SUPPLIED MATERIAL section start

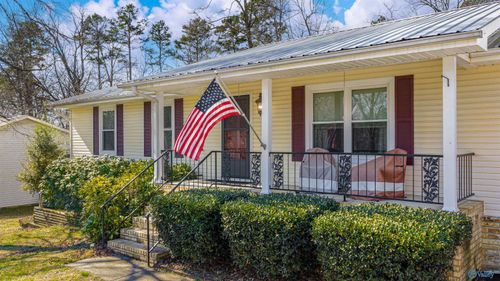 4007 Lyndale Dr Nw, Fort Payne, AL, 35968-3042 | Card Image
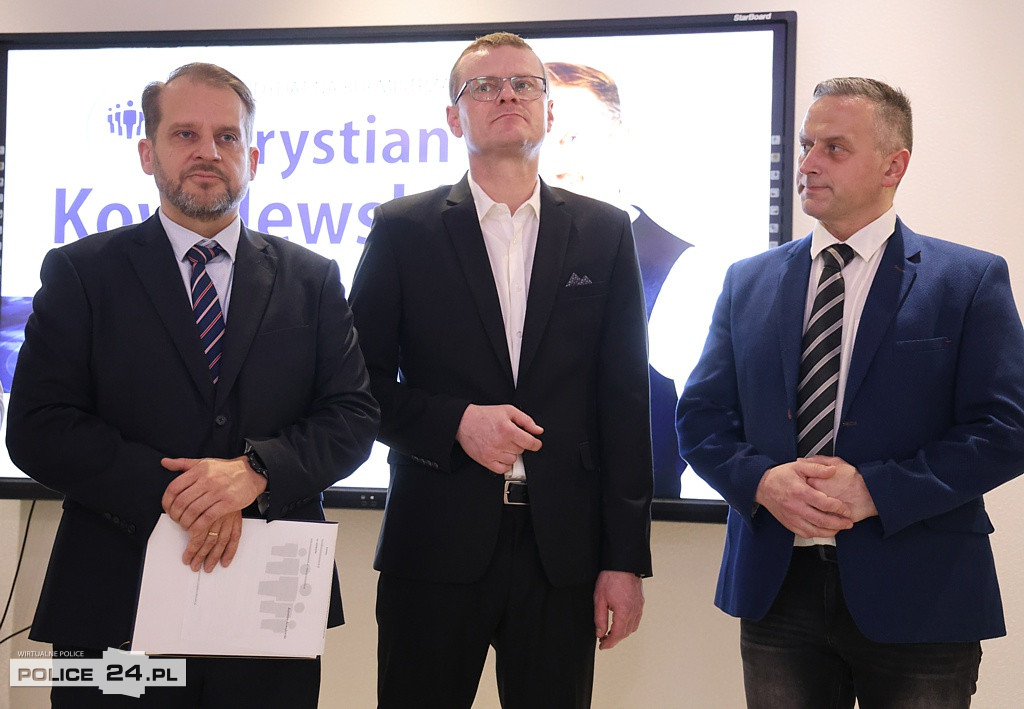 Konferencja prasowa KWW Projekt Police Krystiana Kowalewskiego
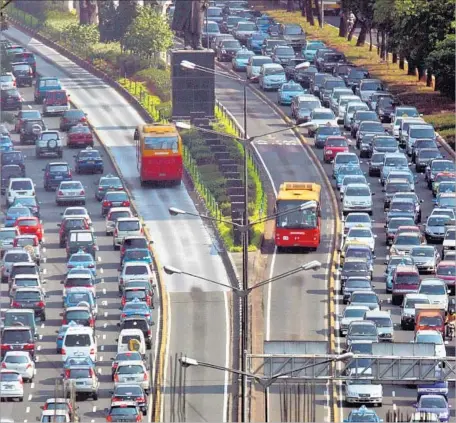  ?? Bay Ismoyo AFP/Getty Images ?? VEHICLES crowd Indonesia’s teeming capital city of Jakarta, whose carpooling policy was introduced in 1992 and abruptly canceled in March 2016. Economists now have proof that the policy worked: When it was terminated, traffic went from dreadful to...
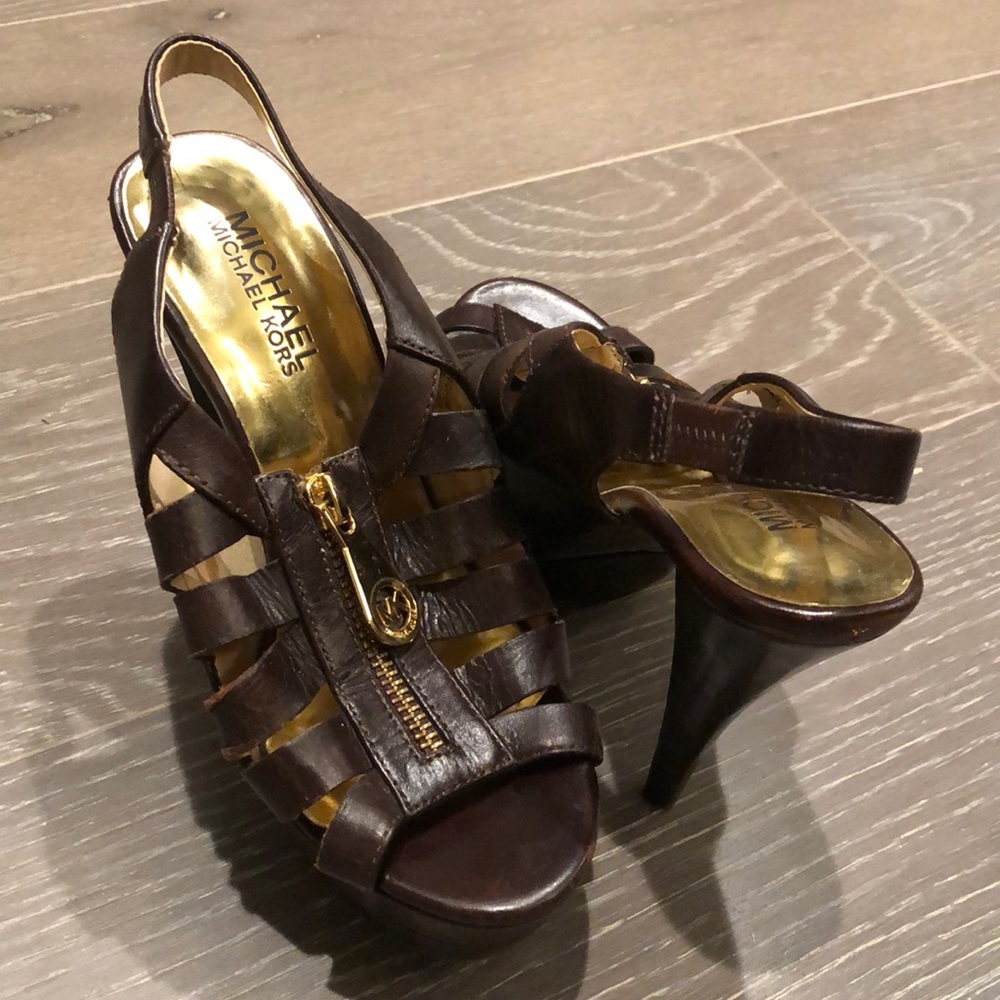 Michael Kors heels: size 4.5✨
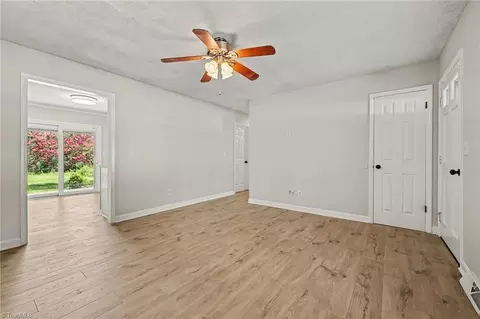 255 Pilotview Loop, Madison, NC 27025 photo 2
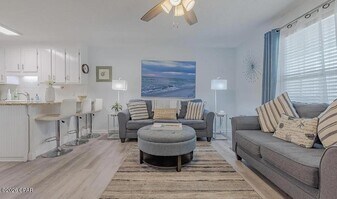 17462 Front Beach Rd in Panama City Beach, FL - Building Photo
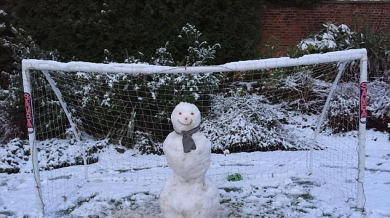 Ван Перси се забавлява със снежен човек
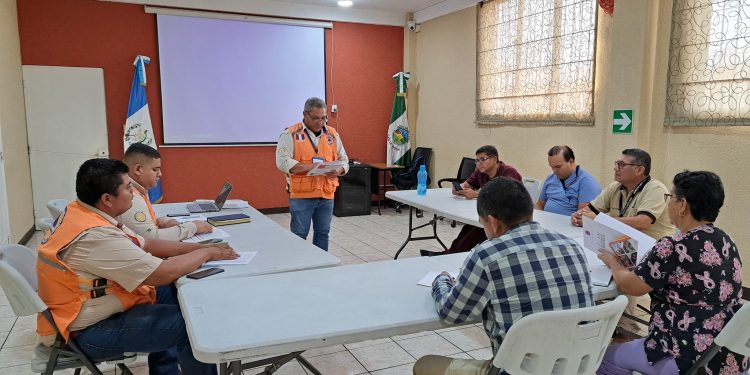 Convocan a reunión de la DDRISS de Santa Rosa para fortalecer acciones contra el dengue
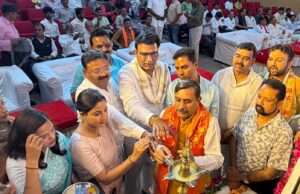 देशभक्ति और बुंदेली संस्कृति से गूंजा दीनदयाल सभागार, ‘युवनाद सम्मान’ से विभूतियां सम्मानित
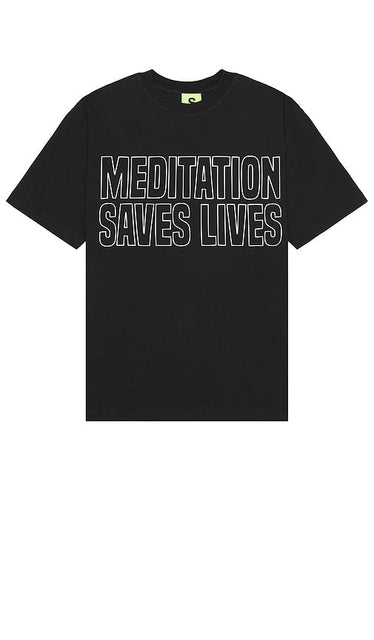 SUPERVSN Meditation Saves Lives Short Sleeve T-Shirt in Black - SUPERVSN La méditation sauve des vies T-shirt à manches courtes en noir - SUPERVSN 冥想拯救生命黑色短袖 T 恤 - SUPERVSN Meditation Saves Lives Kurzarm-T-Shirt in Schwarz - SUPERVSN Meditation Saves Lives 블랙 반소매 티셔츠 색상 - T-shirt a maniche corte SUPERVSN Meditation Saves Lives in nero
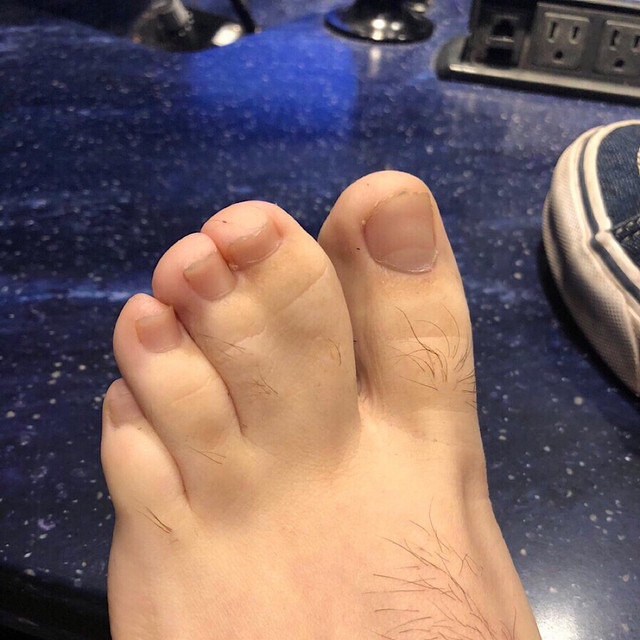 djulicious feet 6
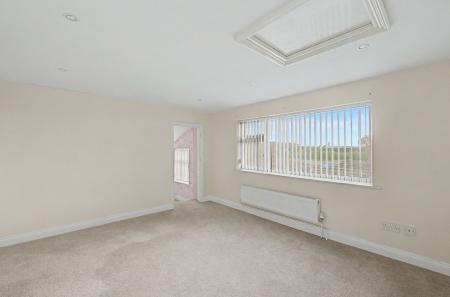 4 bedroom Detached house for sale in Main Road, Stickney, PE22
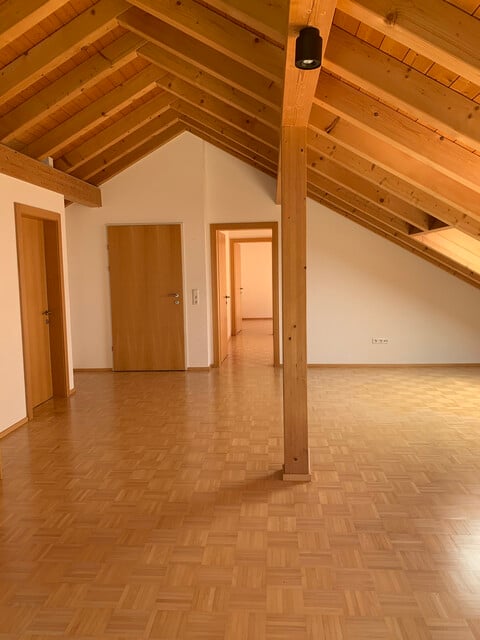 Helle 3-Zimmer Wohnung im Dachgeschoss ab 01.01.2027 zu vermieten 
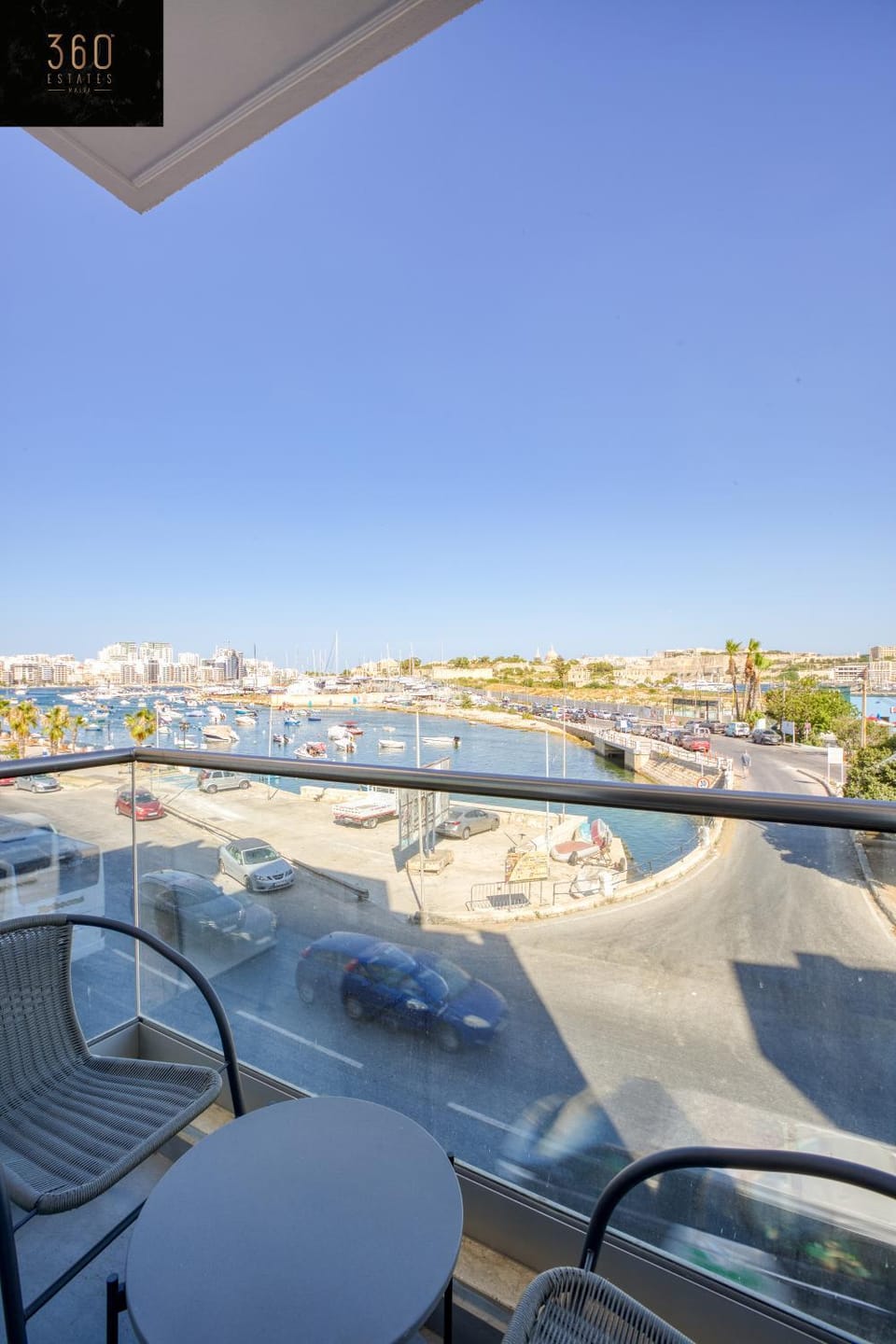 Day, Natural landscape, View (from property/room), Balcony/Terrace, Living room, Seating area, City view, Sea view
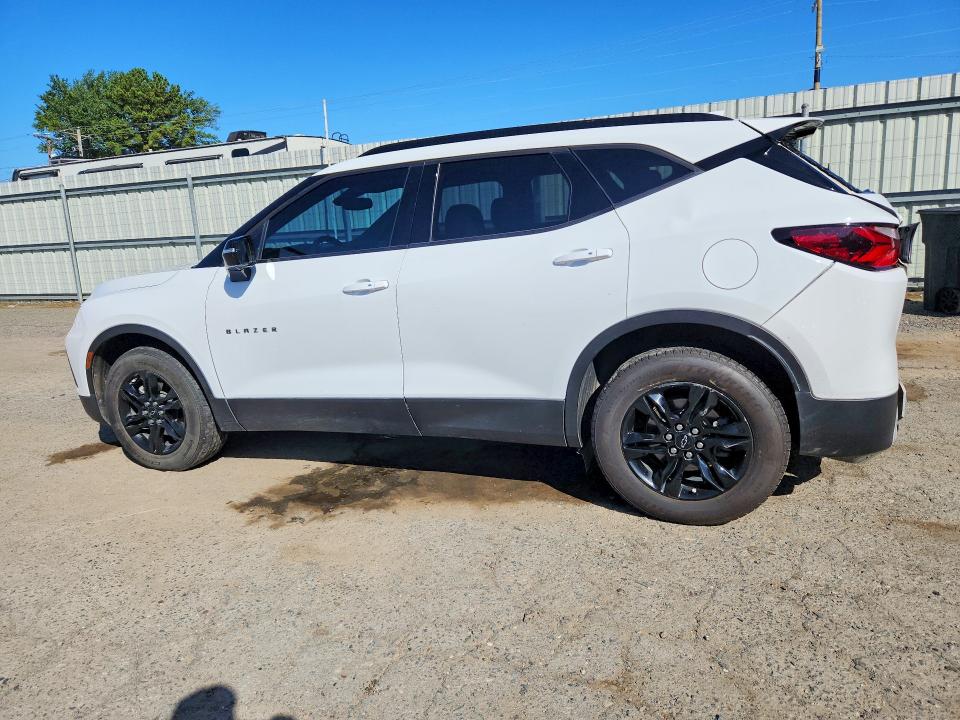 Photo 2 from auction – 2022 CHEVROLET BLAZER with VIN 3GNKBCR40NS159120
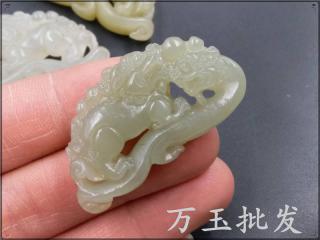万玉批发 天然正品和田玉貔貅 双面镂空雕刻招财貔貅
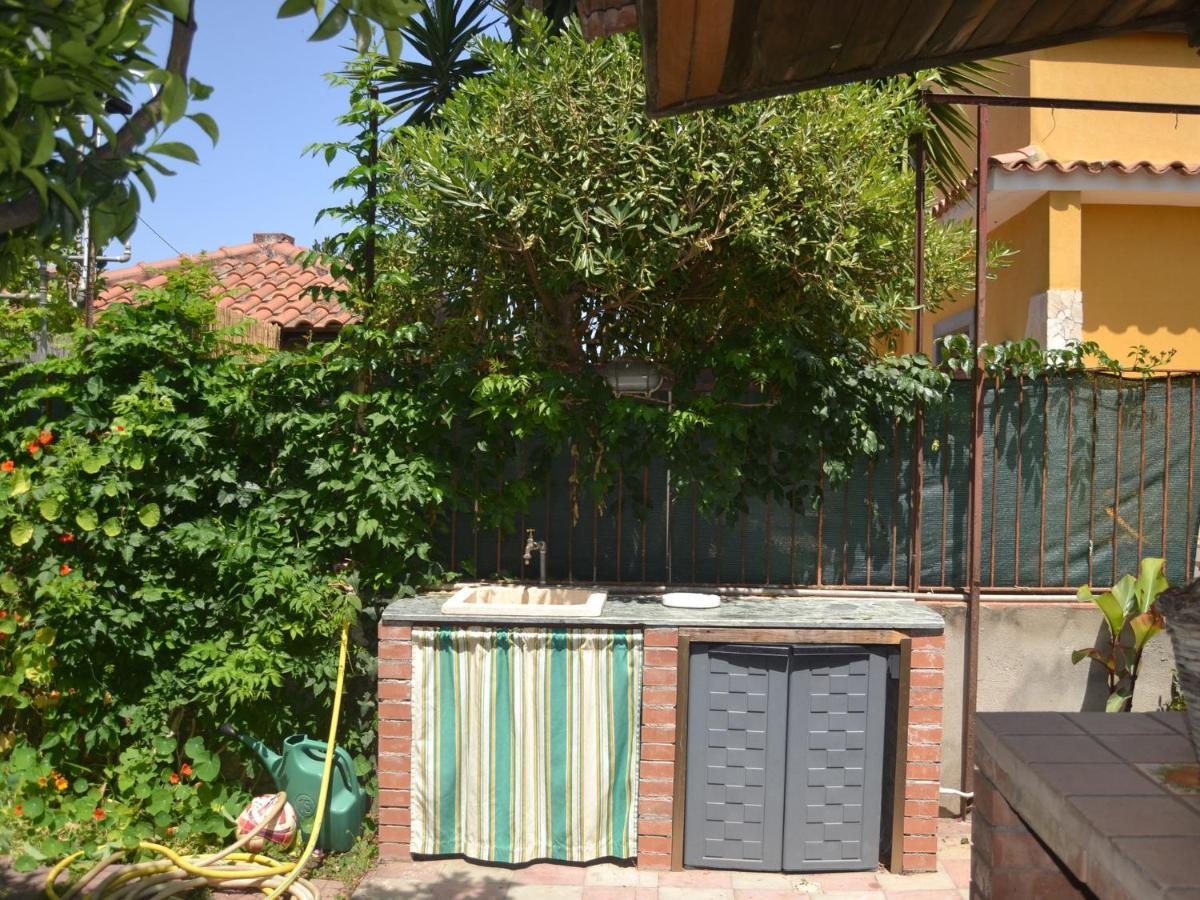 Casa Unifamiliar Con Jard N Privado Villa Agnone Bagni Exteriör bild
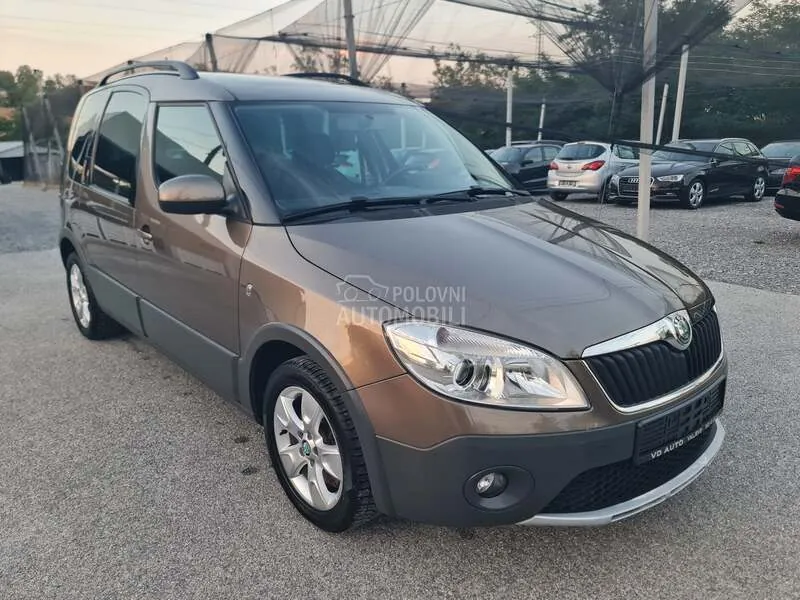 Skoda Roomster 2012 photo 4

SUPPLIED MATERIAL section end

▶ _TASK TO COMPLETE_
Retype the records above exactly, starting at the line that contains "255 Pilotview Loop, Madison, NC" and going through the last line, and leave out any pictures.

▶ _EXERCISE RESPONSE_
 255 Pilotview Loop, Madison, NC 27025 photo 2
 17462 Front Beach Rd in Panama City Beach, FL - Building Photo
 Ван Перси се забавлява със снежен човек
 Convocan a reunión de la DDRISS de Santa Rosa para fortalecer acciones contra el dengue
 देशभक्ति और बुंदेली संस्कृति से गूंजा दीनदयाल सभागार, ‘युवनाद सम्मान’ से विभूतियां सम्मानित
 SUPERVSN Meditation Saves Lives Short Sleeve T-Shirt in Black - SUPERVSN La méditation sauve des vies T-shirt à manches courtes en noir - SUPERVSN 冥想拯救生命黑色短袖 T 恤 - SUPERVSN Meditation Saves Lives Kurzarm-T-Shirt in Schwarz - SUPERVSN Meditation Saves Lives 블랙 반소매 티셔츠 색상 - T-shirt a maniche corte SUPERVSN Meditation Saves Lives in nero
 djulicious feet 6
 4 bedroom Detached house for sale in Main Road, Stickney, PE22
 Helle 3-Zimmer Wohnung im Dachgeschoss ab 01.01.2027 zu vermieten 
 Day, Natural landscape, View (from property/room), Balcony/Terrace, Living room, Seating area, City view, Sea view
 Photo 2 from auction – 2022 CHEVROLET BLAZER with VIN 3GNKBCR40NS159120
万玉批发 天然正品和田玉貔貅 双面镂空雕刻招财貔貅
 Casa Unifamiliar Con Jard N Privado Villa Agnone Bagni Exteriör bild
 Skoda Roomster 2012 photo 4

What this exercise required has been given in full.